PandasIndex(Index([-85.0, -75.0, -65.0, -55.0, -45.0, -35.0, -25.0, -15.0,  -5.0,   5.0,
        15.0,  25.0,  35.0,  45.0,  55.0,  65.0,  75.0,  85.0],
      dtype='float64', name='latitude'))

Attributes: (4)
standard_name :
dry_atmosphere_mole_fraction_of_carbon_dioxide
long_name :
column-average dry-air mole fraction of atmospheric carbon dioxide in dry air
units :
1e-6
comment :
Retrieved column-average dry-air mole fraction of atmospheric carbon dioxide (XCO2) in ppm

Generation of xy plot showing XCO2 vs latitude#

We can now plot this data using matplotlib.pyplot

fig, ax = plt.subplots(ncols=1, nrows=1, figsize=[8, 6])
xmin = 404.0
xmax = 420.0
ymin = -60.0
ymax =  80.0

#  Plot the data and the ranges:
ax.plot(
    xco2_lb_mean_1, xco2_lb_mean_1.latitude,
    linewidth=3.0, color='red', zorder=39, label='Mean+/-Stddev '+file_1_date2
)
ax.plot(
    [xco2_lb_low_1, xco2_lb_high_1],
    [xco2_lb_mean_1.latitude, xco2_lb_mean_1.latitude],
    linewidth=20.0, color='red', zorder=38, alpha=0.3
)

ax.plot(
    xco2_lb_mean_2, xco2_lb_mean_2.latitude,
    linewidth=3.0, color='black', zorder=39, label='Mean+/-Stddev '+file_1_date2
)
ax.plot(
    [xco2_lb_low_2, xco2_lb_high_2],
    [xco2_lb_mean_2.latitude, xco2_lb_mean_2.latitude],
    linewidth=20.0, color='black', zorder=38, alpha=0.3
)

# Decorate the plot with some labels:
title = product_str
x_label = 'XCO$_2$ [ppm]'
y_label = 'Latitude [deg]'
plot_title = product_str+': XCO$_2$ vs latitude'
ax.set_title(plot_title, fontsize=20)
ax.set_xlabel(x_label, fontsize=16)
ax.set_ylabel(y_label, fontsize=16)
ax.set_xbound([xmin, xmax])
ax.set_ybound([ymin, ymax])
ax.legend(loc='upper left')
plt.show()

../_images/e3abf0679c2b4cd616e19a64e362bab564fe3fe6be41f3abc245750c4f3e2f10.png

The figure above shows mean value of XCO2 as a function of latitude (thick lines) and the corresponding variation (computed as standard deviation of the individual XCO2 retrievals) within each latitude band (semi-transparent horizontal bars) for 15-April-2020 (red) and 15-September-2020 (black). As can be seen, during September XCO2 shows quite little variation with latitude, whereas in April XCO2 is significantly higher over the northern hemisphere (NH) compared to the southern hemisphere (SH). This is due to the seasonal cycle of CO2 primarily resulting from regular uptake and release of atmospheric CO2 by growing and decaying vegetation (photosythesis and respiration). Vegetation uptake reduces the CO2 concentration over the NH during the growing season (spring and summer) compared to the dormant season (winter). Over the SH there is less vegetation and therefore CO2 is relatively constant (apart from the general increase due to CO2 emissions by burning fossil fuels).

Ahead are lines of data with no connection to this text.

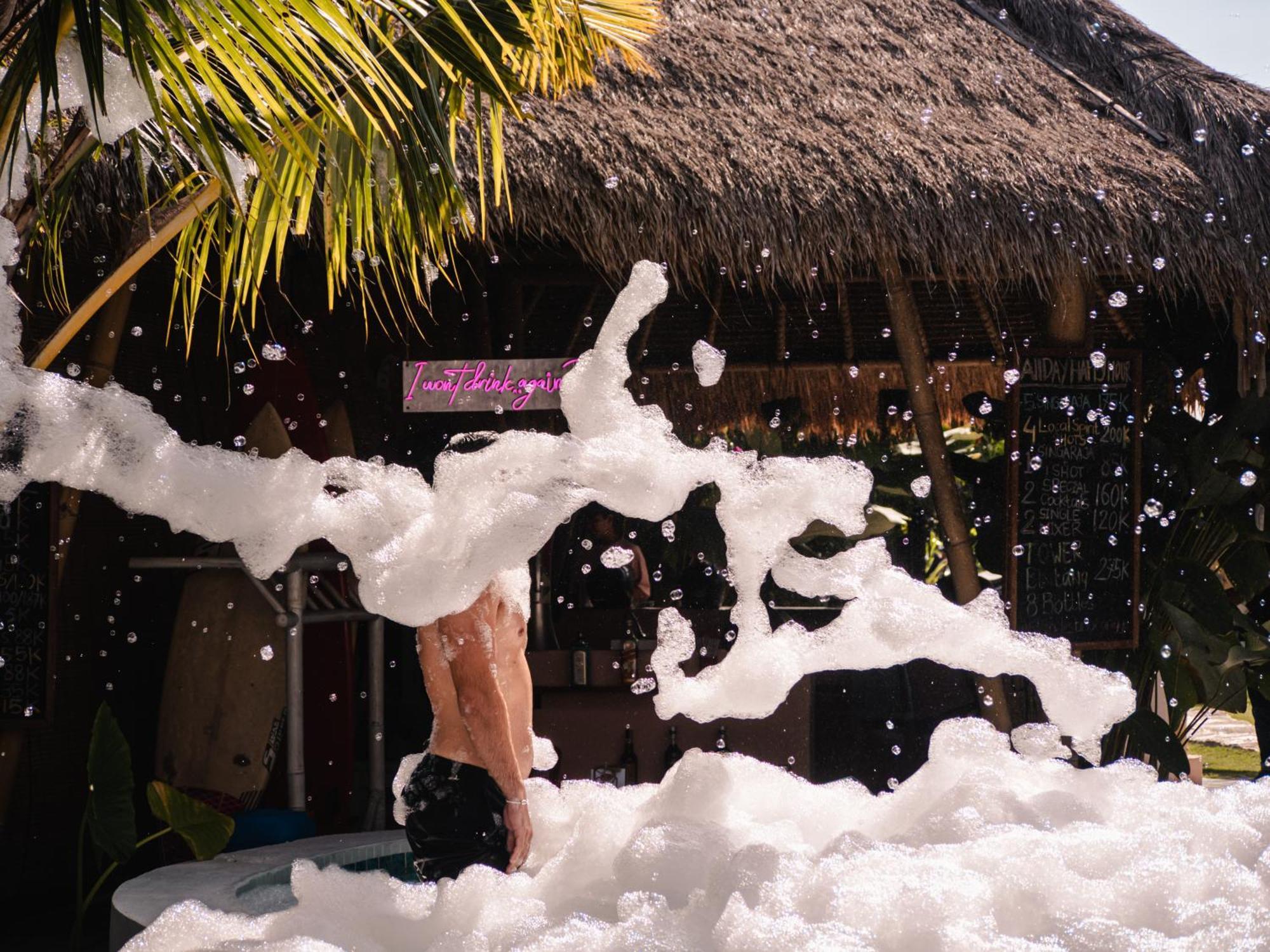 Clandestino Hostel Canggu エクステリア 写真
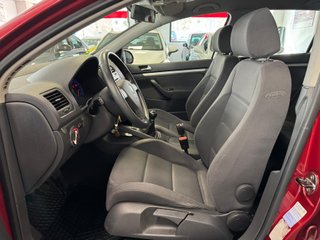 VOLKSWAGEN Golf 2.0 FSI Tiptronic Sportline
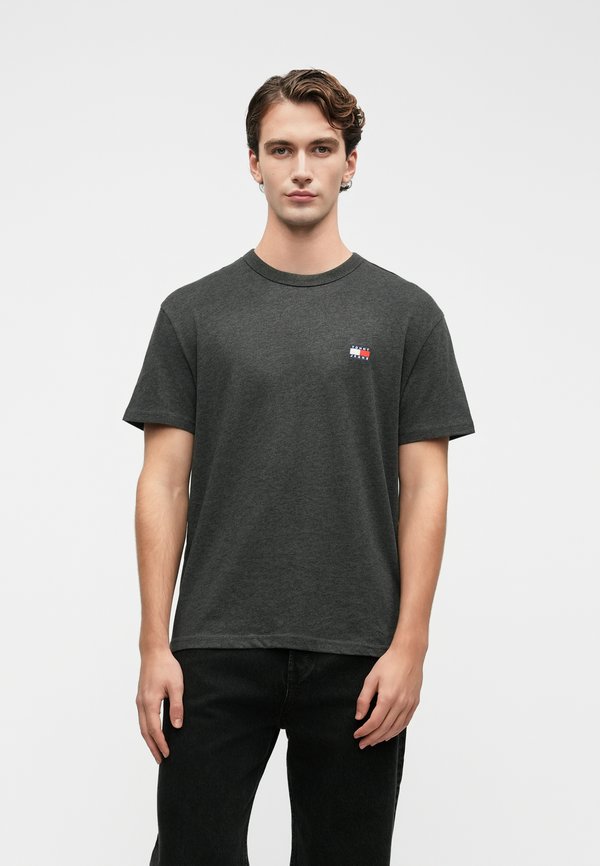 Tommy Jeans TJM REG BADGE TEE EXT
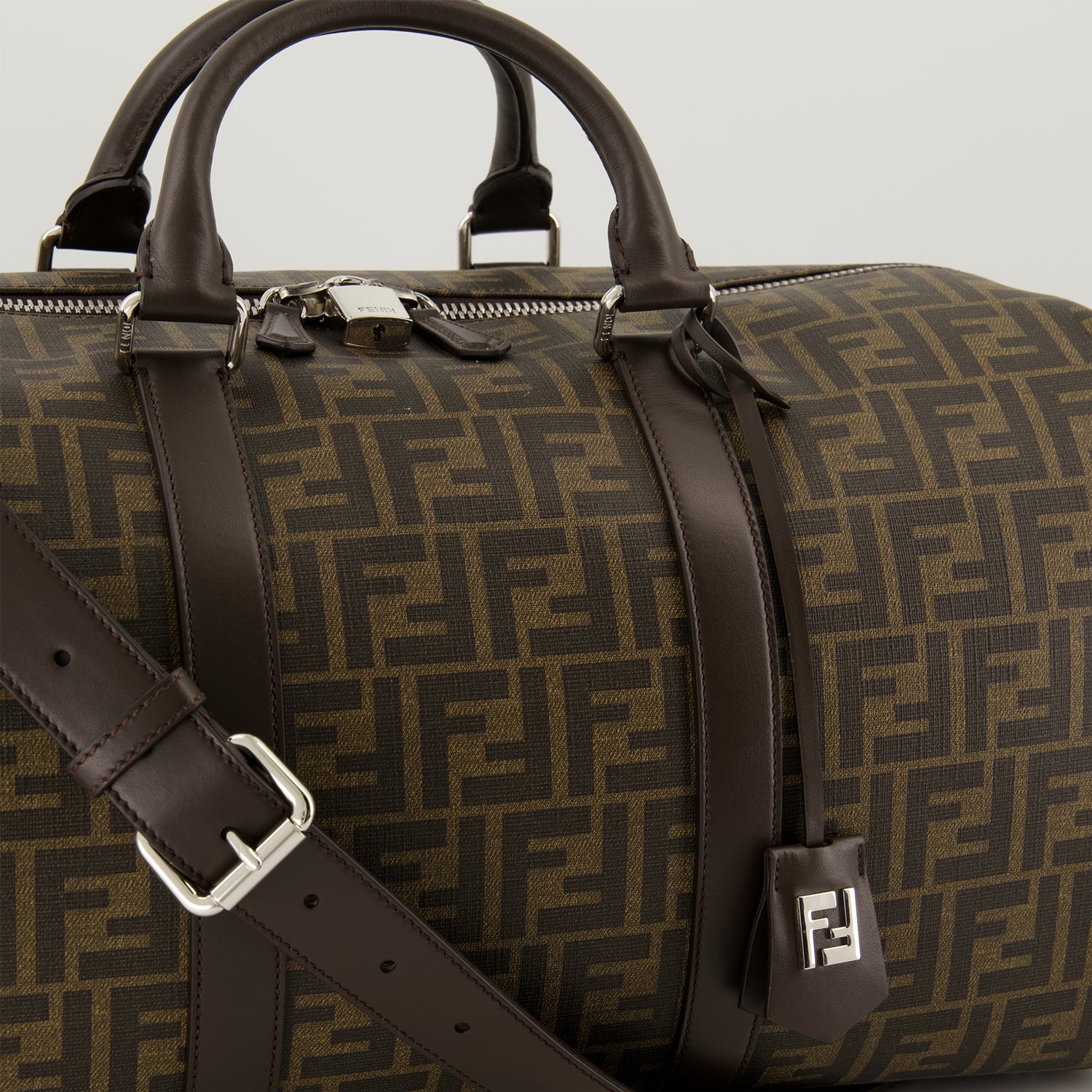 Borse sportive e da viaggio Sac de voyage FF Fendi Marrone Homme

Application 2: Showing daily data on a map#

Here we show how to generate a plot showing the spatial distribution of the data. As can be seen, we use only three variables: XCO2, latitude and longitude. We define a small region in terms of latitude and longitude corner coordinates and select only data in this region for the plot.

# # Relevant input data:
plot_title = product_str+' - '+file_2_date2
# Define spatial region of interest:
lonmin = -12.0
lonmax =  35.0
latmin =  32.0
latmax =  65.0

# Mask the data to the region of interest:
ds = ds_2
ds = ds.where(
    (latmin<ds.latitude) & (ds.latitude <latmax) &
    (lonmin<ds.longitude) & (ds.longitude <lonmax)
)
# Get the min and max values for the colorbar:
rmin=ds.xco2.min()
rmax=ds.xco2.max()

# Create a figure with a geographic projection:
projection = ccrs.PlateCarree()
figsize = (9,7)
fig = plt.figure(figsize=figsize)
ax = fig.add_subplot(1,1,1, projection=projection)
ax.set_extent([lonmin, lonmax, latmin, latmax], crs=projection)
ax.add_feature(cfeature.OCEAN, color='powderblue')
ax.add_feature(cfeature.COASTLINE)
ax.add_feature(cfeature.BORDERS, alpha=0.5)
gl = ax.gridlines(crs=projection, draw_labels=True, linewidth=1, color='gray', alpha=0.2)
gl.top_labels  = False

plt.scatter(
    x=ds.longitude, y=ds.latitude, c=ds.xco2, s=20, zorder=10, alpha=0.8, cmap='viridis',
    vmin=rmin, vmax=rmax
)
plt.colorbar(label='XCO$_2$ [ppm]', location='bottom', extend='both', shrink=0.5)
plt.show()

../_images/9713e9d1ad78c85b76237bf39d1f3a8704977b08f61f69d49182b612ac7ad56e.png

The figure above shows the locations of the individual ground pixel observations and their corresponding XCO2 value using all “good” retrievals over Europe and surrounding area for 15-Sept-2020. As can be seen, the spatial coverage of the daily data is very sparse. This is because only data of the highest quality are contained in the product file. Strict quality filtering is important to meet the demanding requirements on accuracy and precision for satellite XCO2 data observations.